Netflix Rescues Showtime's 'Entitled' From Paramount-Induced Limbo

Brett Gelman in 'Entitled'
Channel 4/Showtime
It was over three years ago, in June 2022, that Showtime and Channel 4 announced they would collaborate on a new co-production series called Entitled. The series would star American actor and Stranger Things breakout star Brett Gelman, who was also still riding high on his turn in Phoebe Waller-Bridge's Fleabag, as Gabe, the grieving husband of a long-lost relative of the British aristocracy. Though the series begins in the U.S. and stars an American, it was a very promising-sounding series for Anglophiles, which is why its emergence from streaming limbo to premiere on Netflix in July 2025 is welcome news.
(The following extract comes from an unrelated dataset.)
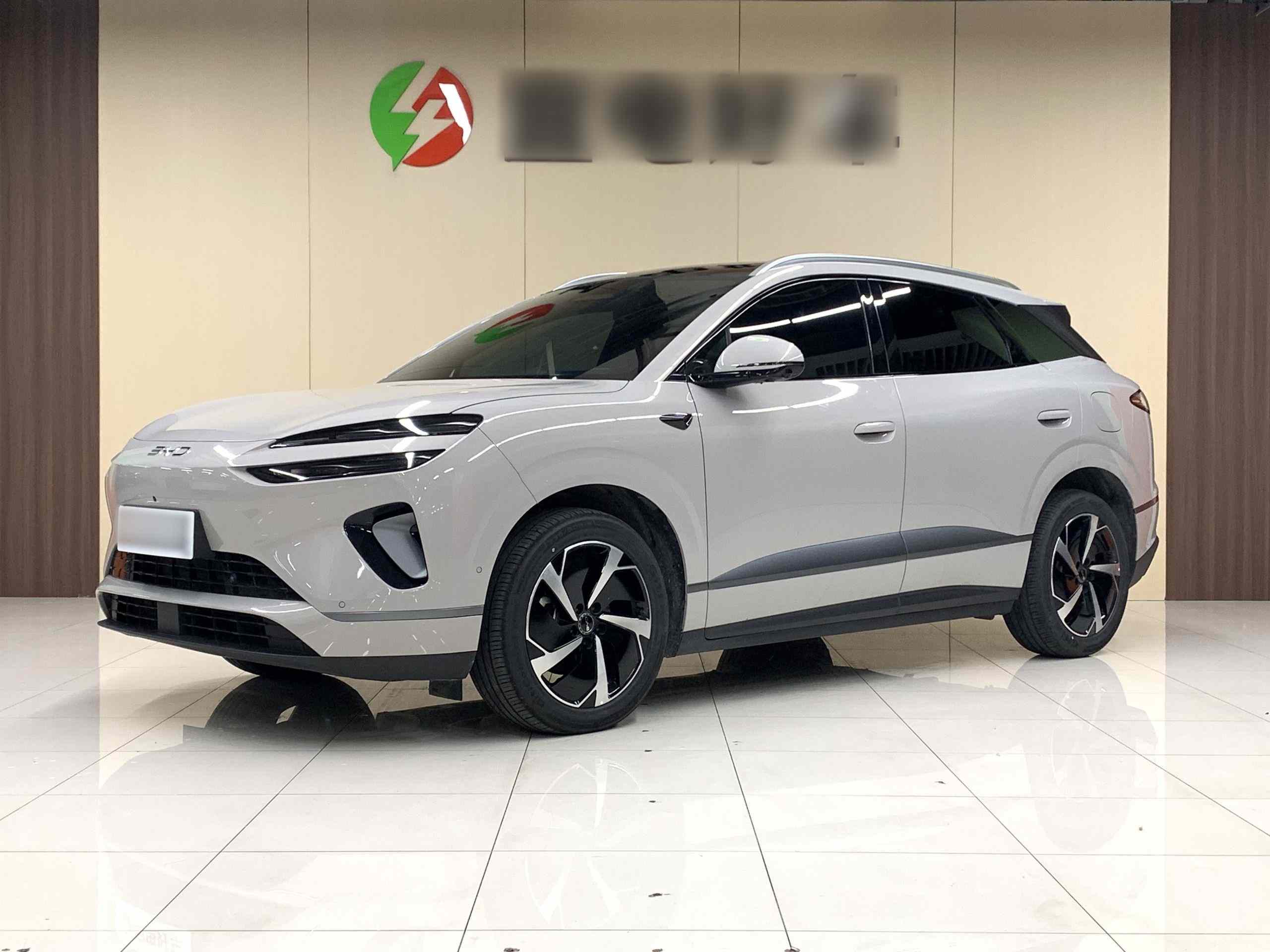 比亚迪 海狮06新能源 2025款 DM-i 205领航Plus版(1)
Upon learning his wife's passing leaves him a giant fortune and a crumbling gothic mansion in the English countryside, Gabe decides to try to become an English Country Gentleman, only to be confronted with his wife's eccentric family and quickly realizes why she fled to the U.S. These estranged relatives have been living the genteel poverty life in her mansion, and expect their new patriarch to allow them to continue living there in the manner to which they are accustomed.
Showtime was still a standalone network in 2022, making its own deals, and its co-production with Channel 4 was merely the next in a long line of US-UK series, along with shows like The Woman in the Wall. However, it wasn't long before Showtime was merged under the Paramount+ umbrella, becoming "Paramount+ with Showtime," and Entitled became part of a slew of U.K. shows greenlit by the streaming service... which were then mass canceled in 2024. Despite being completed, Entitled was one of those shelved, even though Paramount+ hadn't even been the ones to greenlight it in the first place.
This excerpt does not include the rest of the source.